Everything below from the line with "Lund Copenhagen Marguerit" through the line with "Weiße Kunststoffdose mit" should be copied exactly, and nothing else; leave out the pictures.

------------------------------------

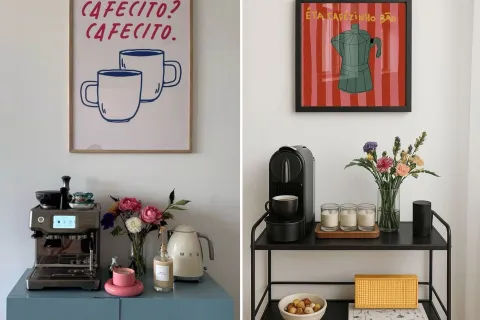 Tiny coffee corners: ideas para crear un rincón de café lindo y funcional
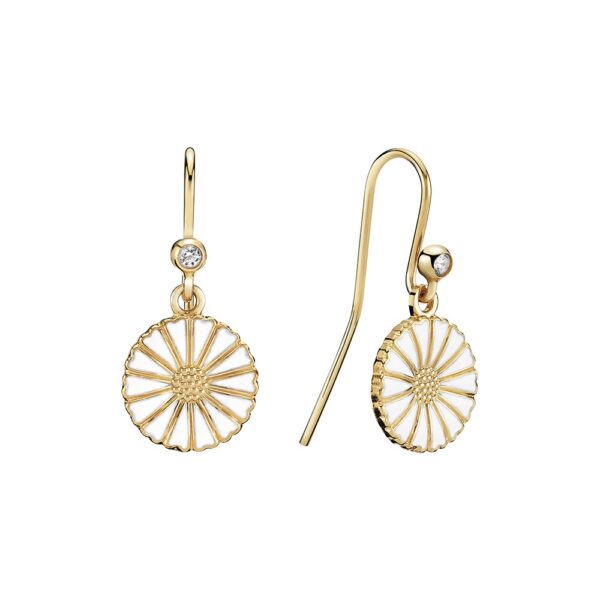 Lund Copenhagen Marguerit Hänge örhängen 24 karat guld med zirconia stenar. 11 mm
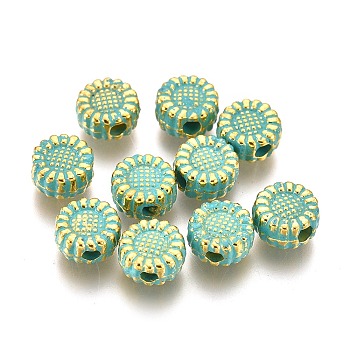 Alloy Beads, Sunflower, Lead Free & Cadmium Free, Golden & Green Patina, 5.5x3mm, Hole: 1.5mm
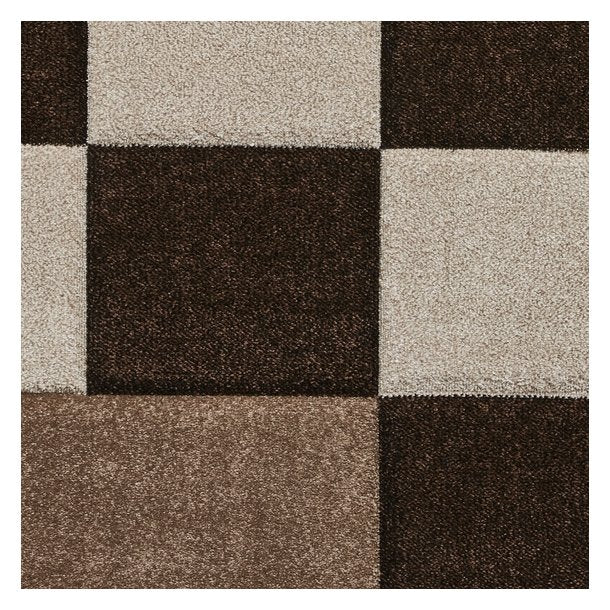 Elegant Beige & Brown Checkered Block Pattern Rug – Soft Polypropylene Blend – Multiple Sizes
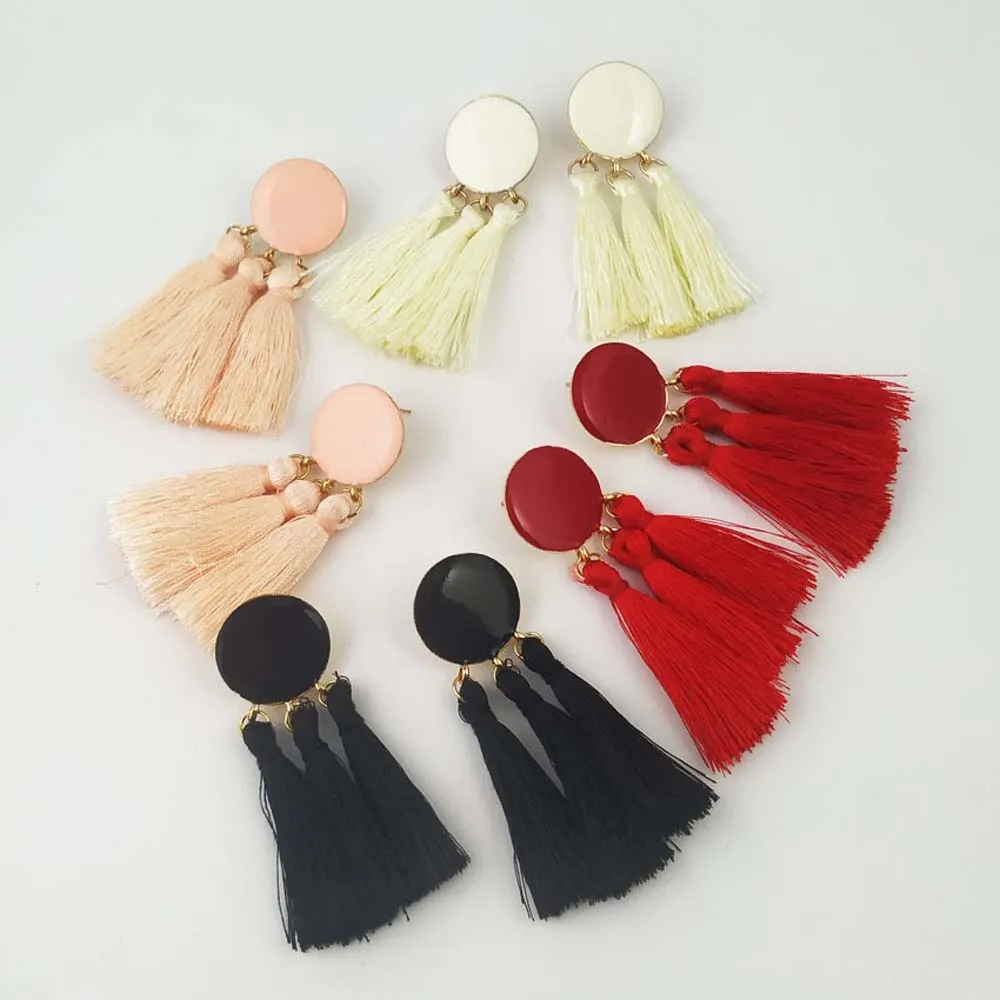 Богемные массивные Серьги-кисточки золотистый цвет Круглый Висячие серьги для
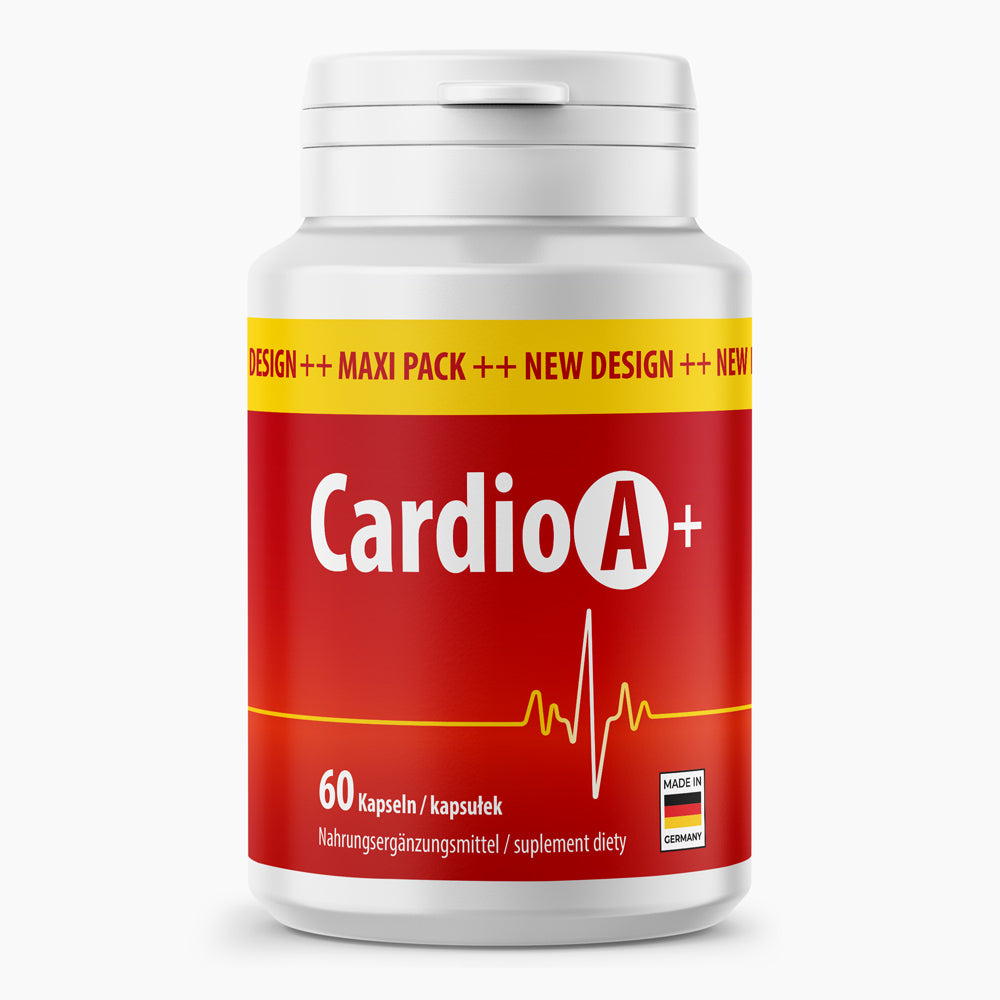 Weiße Kunststoffdose mit rotem Etikett Cardio A+ mit 60 Kapseln und stilisiert gezeigter Herzlinie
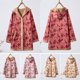 thumbnail image 3 of Abrigo de mujer Moda mujer abrigo de invierno estampado floral forro polar con capucha manga larga chaqueta cálida de bolsillo de un solo pecho 1 1, 3 of 5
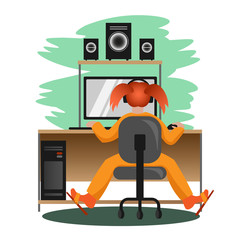 A child is sitting in front of a computer screen at a table in a swivel chair. The red-haired girl in pajamas was inclined to the monitor while she was playing funny. Vector illustration.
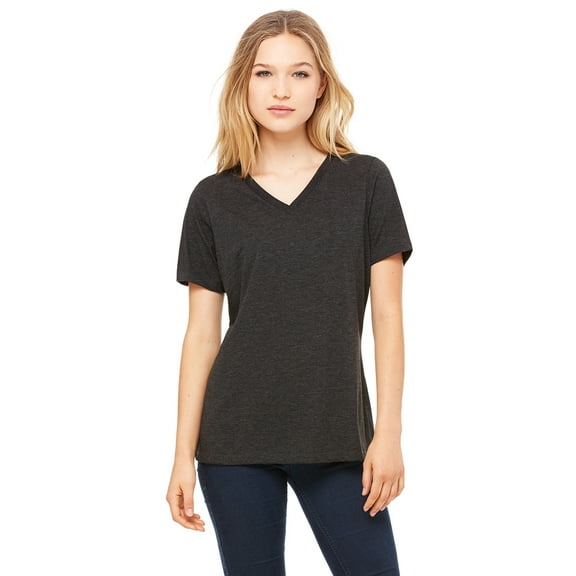 Bella Canvas Women's Relaxed Jersey Short Sleeve V-Neck Tee , 6415 , CHRCL BLCK TRBLN , Large
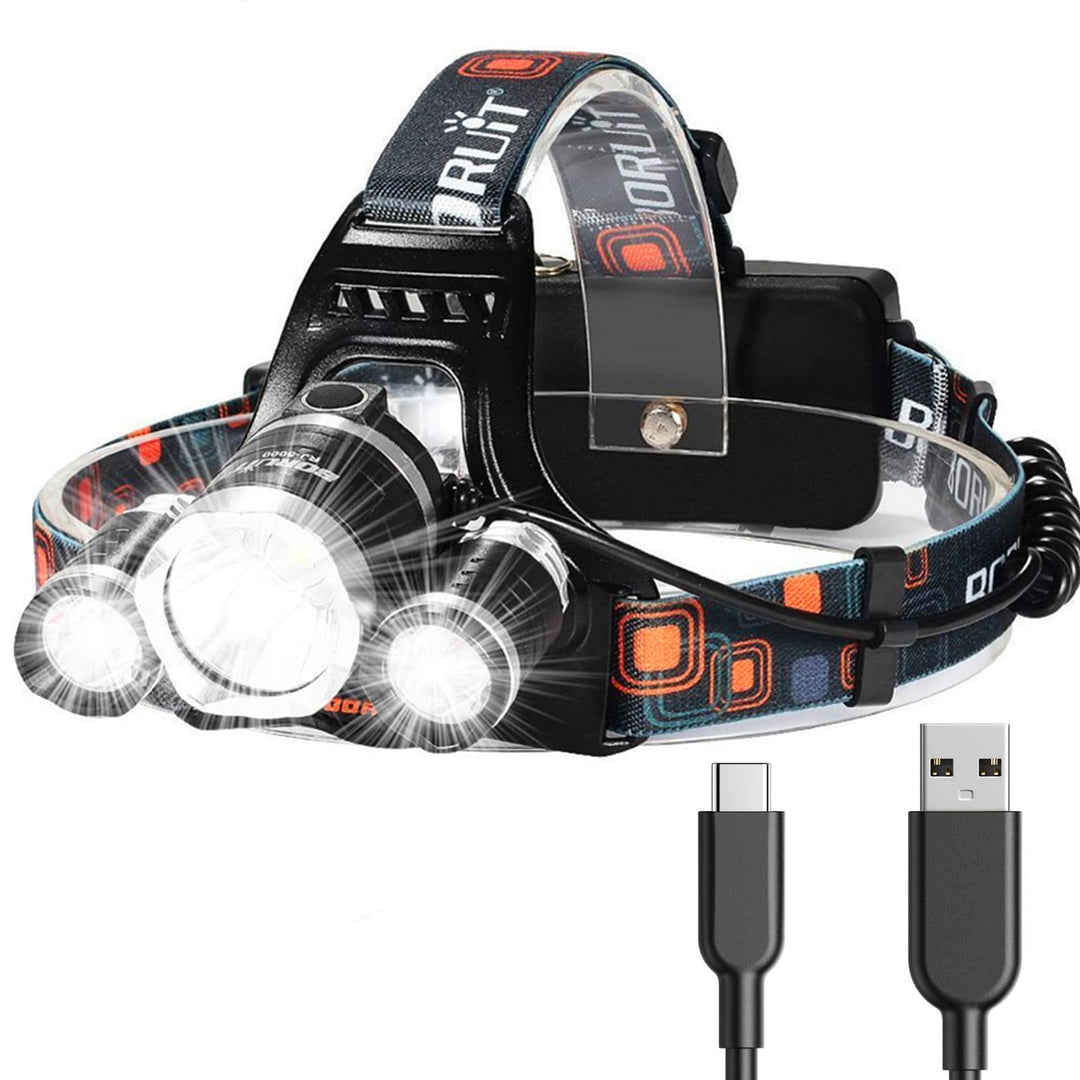 Hqdz-Td 20000 Lumen Rechargeable Head Torch - Waterproof, Adjustable Light for Outdoors, Hunting, Camping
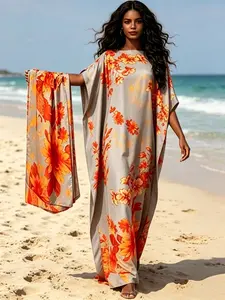 2026 New Women's 2 Piece Grey & Orange Floral Print Kaftan Maxi Dress with Matching Scarf, Silky Loose Satin Robe, Plus Size Friendly, Summer Beach Cover Up, Resort Vacation & Evening Party Wear
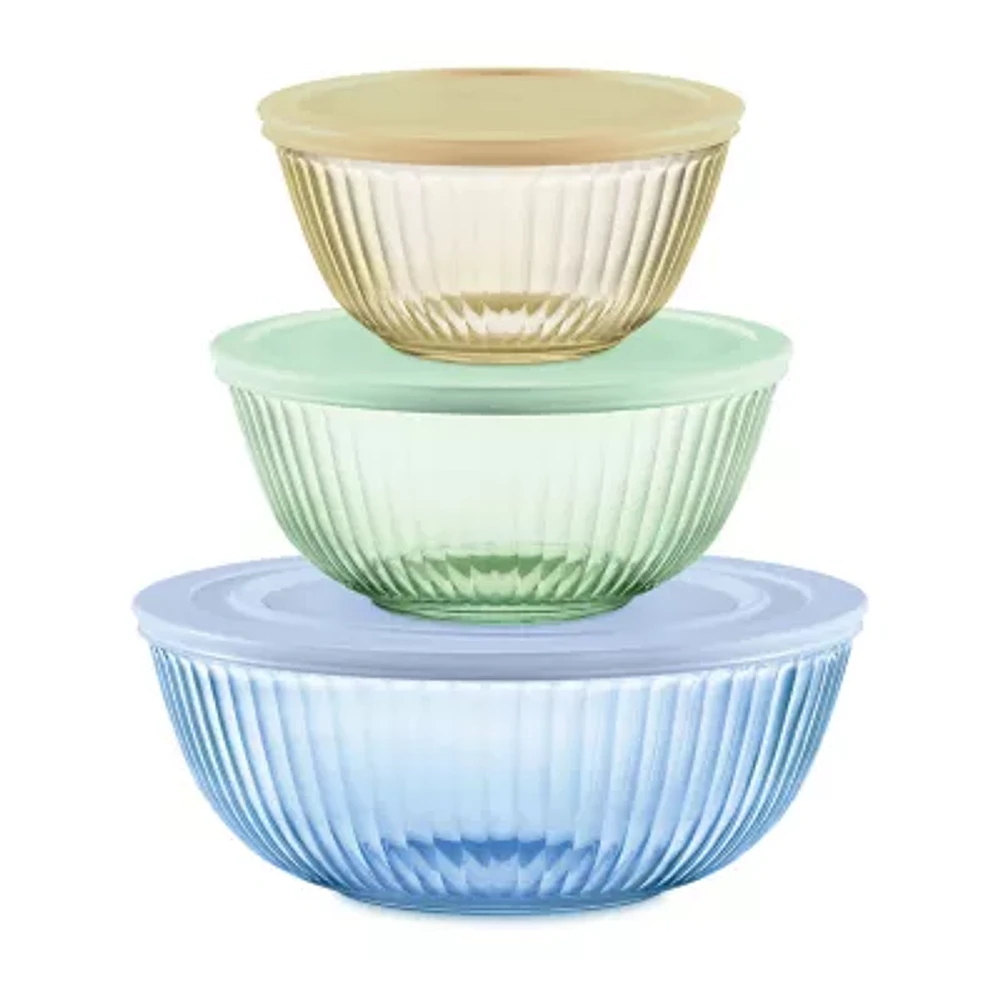 Pyrex Sculpted Tinted 6-pc. Glass Mixing Bowl Set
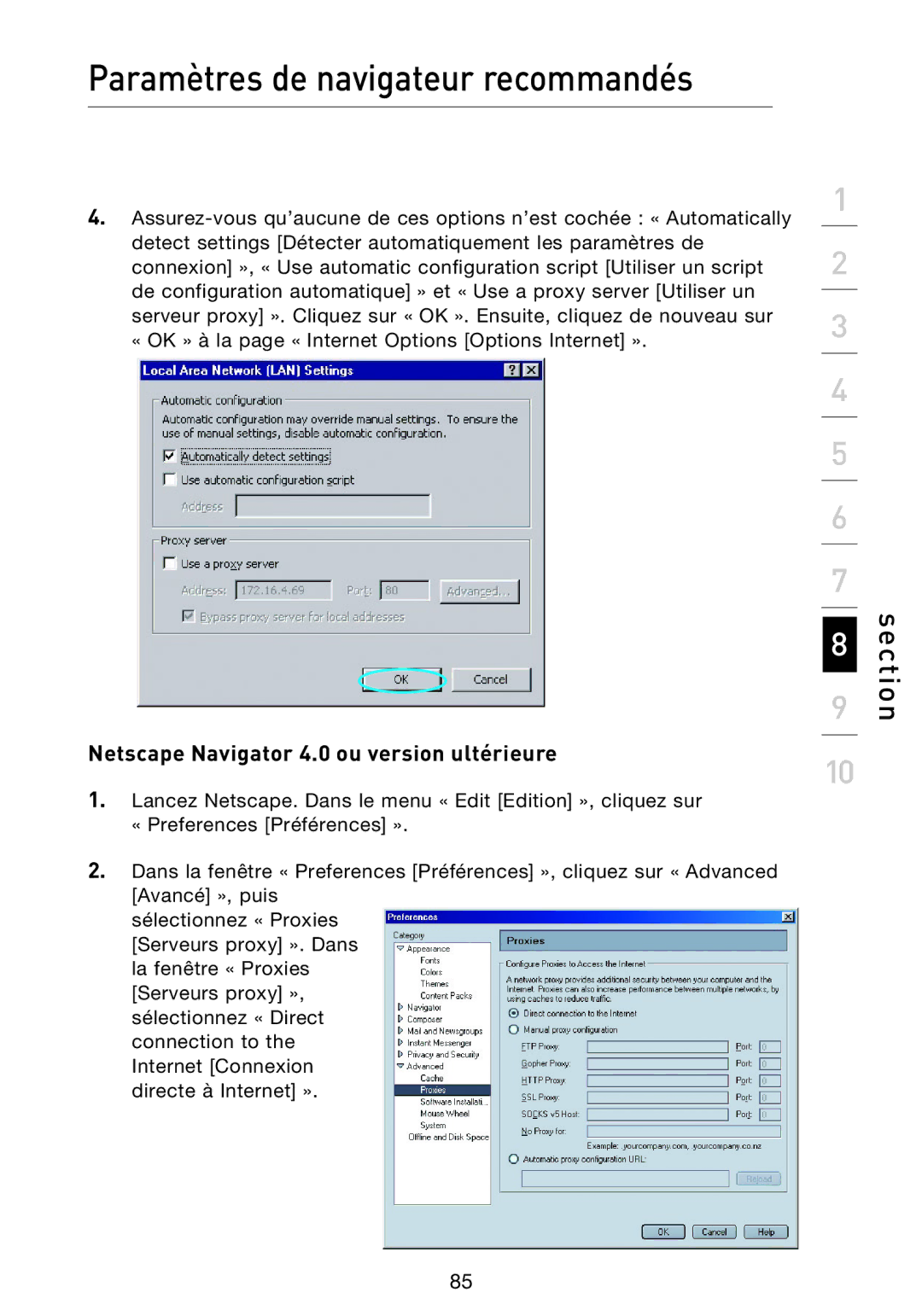 Belkin F5D9230UK4 user manual Netscape Navigator 4.0 ou version ultérieure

------------------------------------

> [Solution to this problem]:
 Lund Copenhagen Marguerit Hänge örhängen 24 karat guld med zirconia stenar. 11 mm
 Alloy Beads, Sunflower, Lead Free & Cadmium Free, Golden & Green Patina, 5.5x3mm, Hole: 1.5mm
 Elegant Beige & Brown Checkered Block Pattern Rug – Soft Polypropylene Blend – Multiple Sizes
 Богемные массивные Серьги-кисточки золотистый цвет Круглый Висячие серьги для
 Weiße Kunststoffdose mit rotem Etikett Cardio A+ mit 60 Kapseln und stilisiert gezeigter Herzlinie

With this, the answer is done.